**Work to be completed:**
Beginning with the line containing "39 Fremont Street, Mount Low QLD 4818", transcribe every line exactly down to the last one in the records below, and drop the pictures.

**Supplied records:**
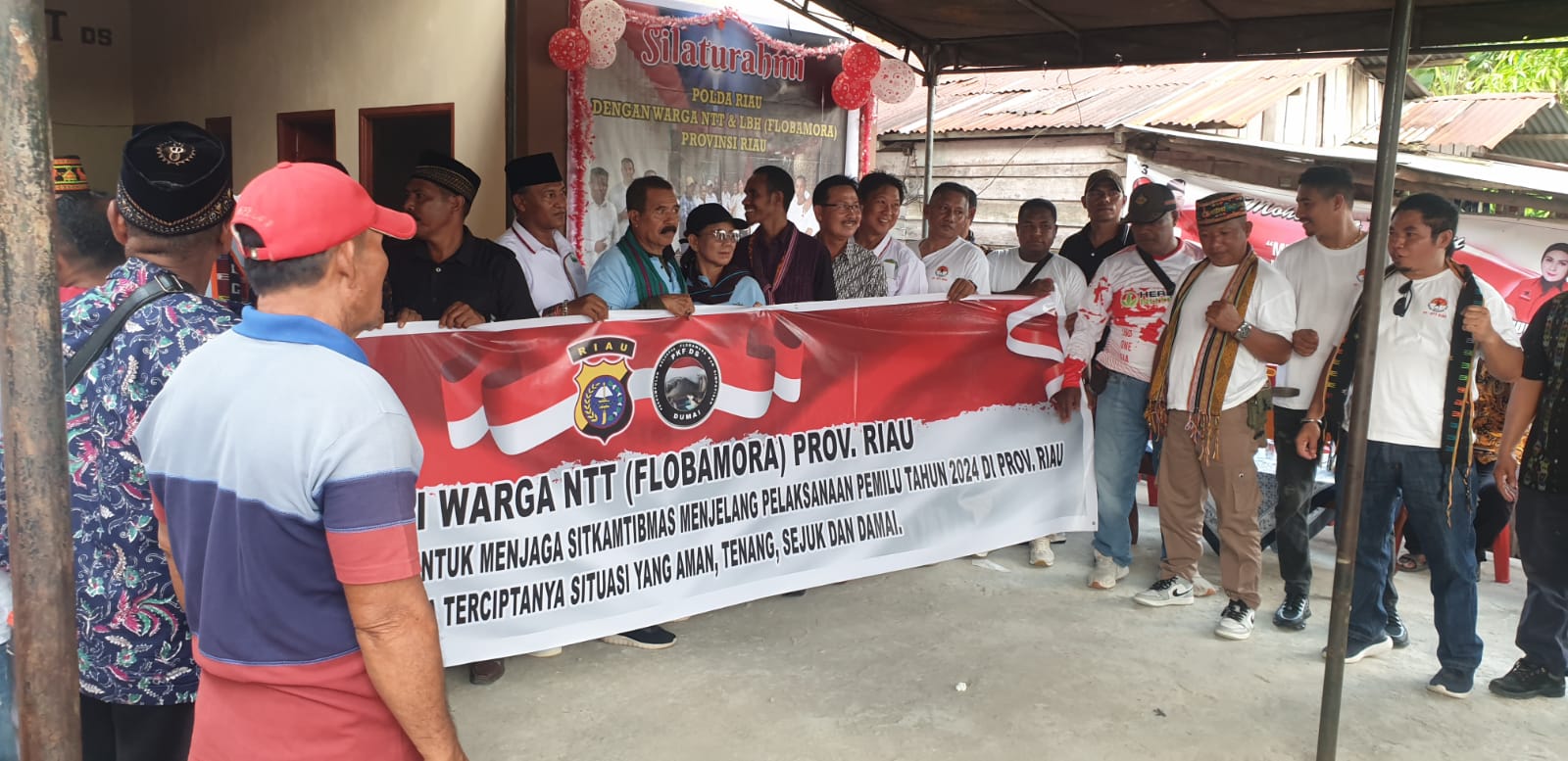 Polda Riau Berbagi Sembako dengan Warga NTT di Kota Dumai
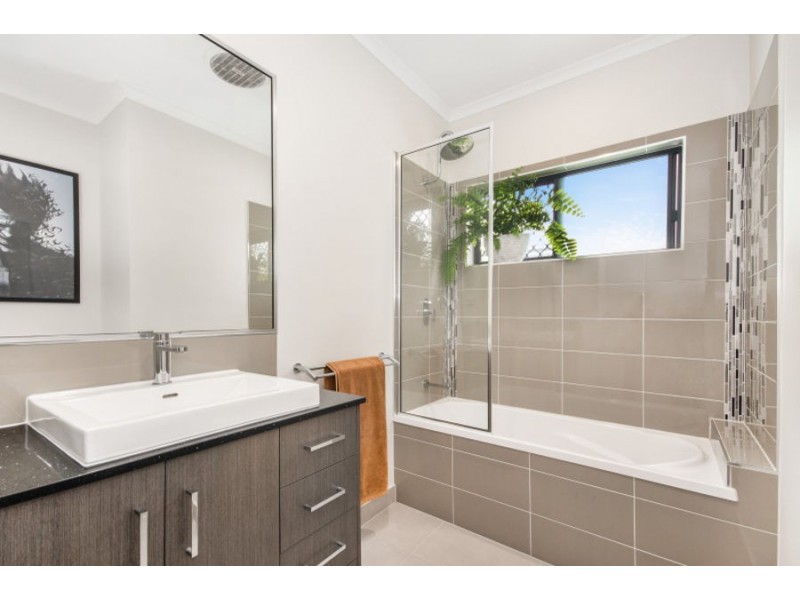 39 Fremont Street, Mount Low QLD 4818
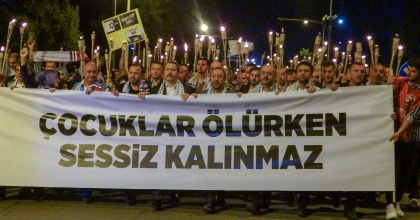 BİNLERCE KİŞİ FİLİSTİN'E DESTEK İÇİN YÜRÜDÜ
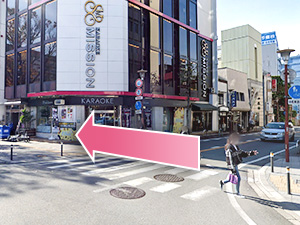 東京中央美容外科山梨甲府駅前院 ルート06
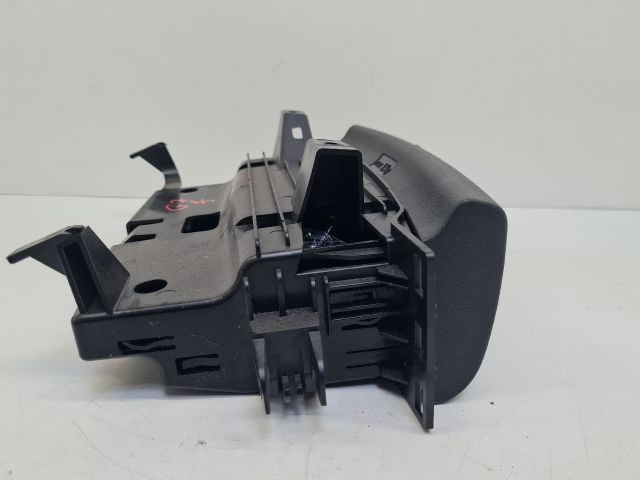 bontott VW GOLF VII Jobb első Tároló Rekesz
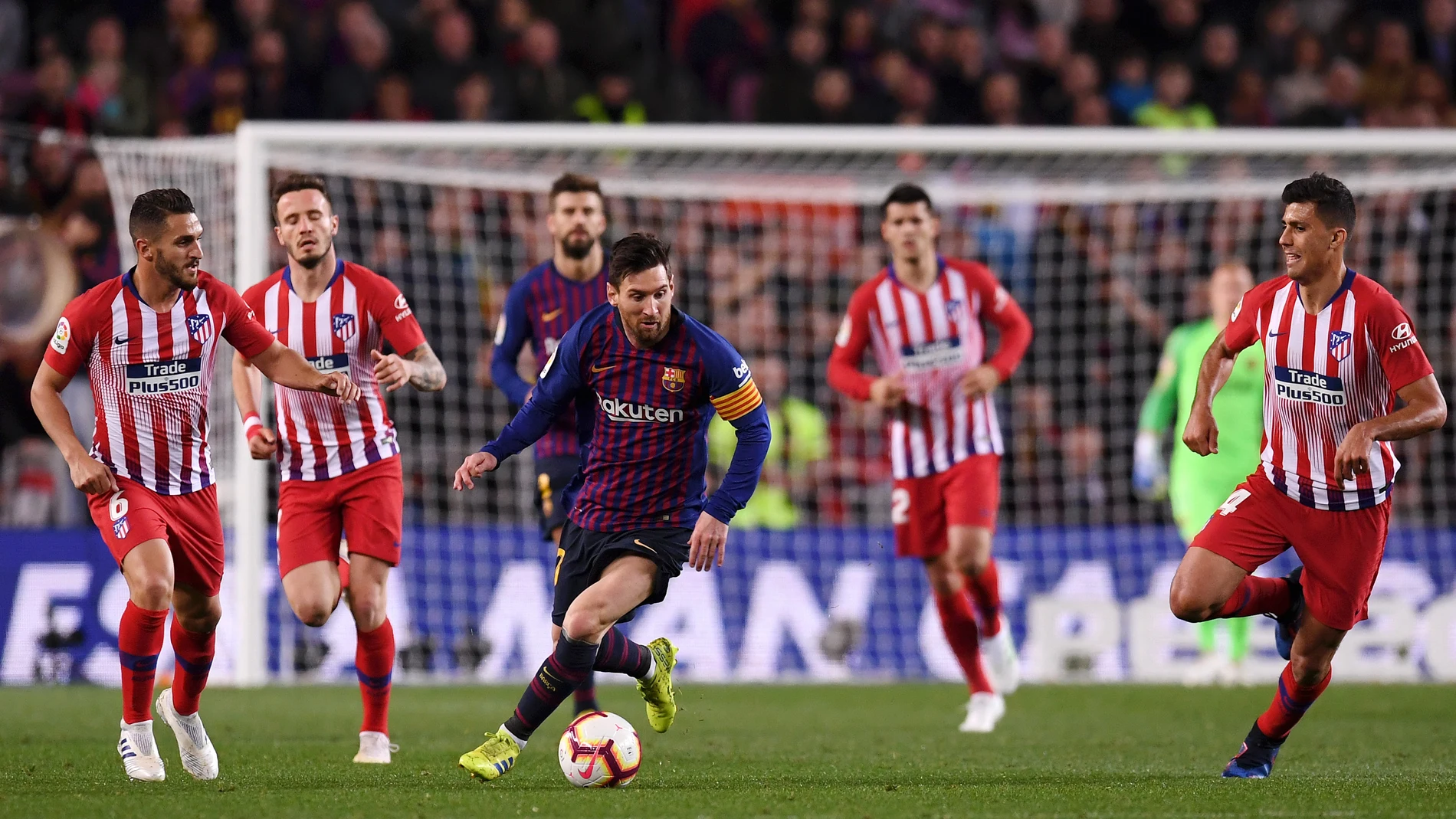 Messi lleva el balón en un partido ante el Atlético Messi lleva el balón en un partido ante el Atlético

**Output of the exercise:**
 39 Fremont Street, Mount Low QLD 4818
 BİNLERCE KİŞİ FİLİSTİN'E DESTEK İÇİN YÜRÜDÜ
 東京中央美容外科山梨甲府駅前院 ルート06
 bontott VW GOLF VII Jobb első Tároló Rekesz
 Messi lleva el balón en un partido ante el Atlético Messi lleva el balón en un partido ante el Atlético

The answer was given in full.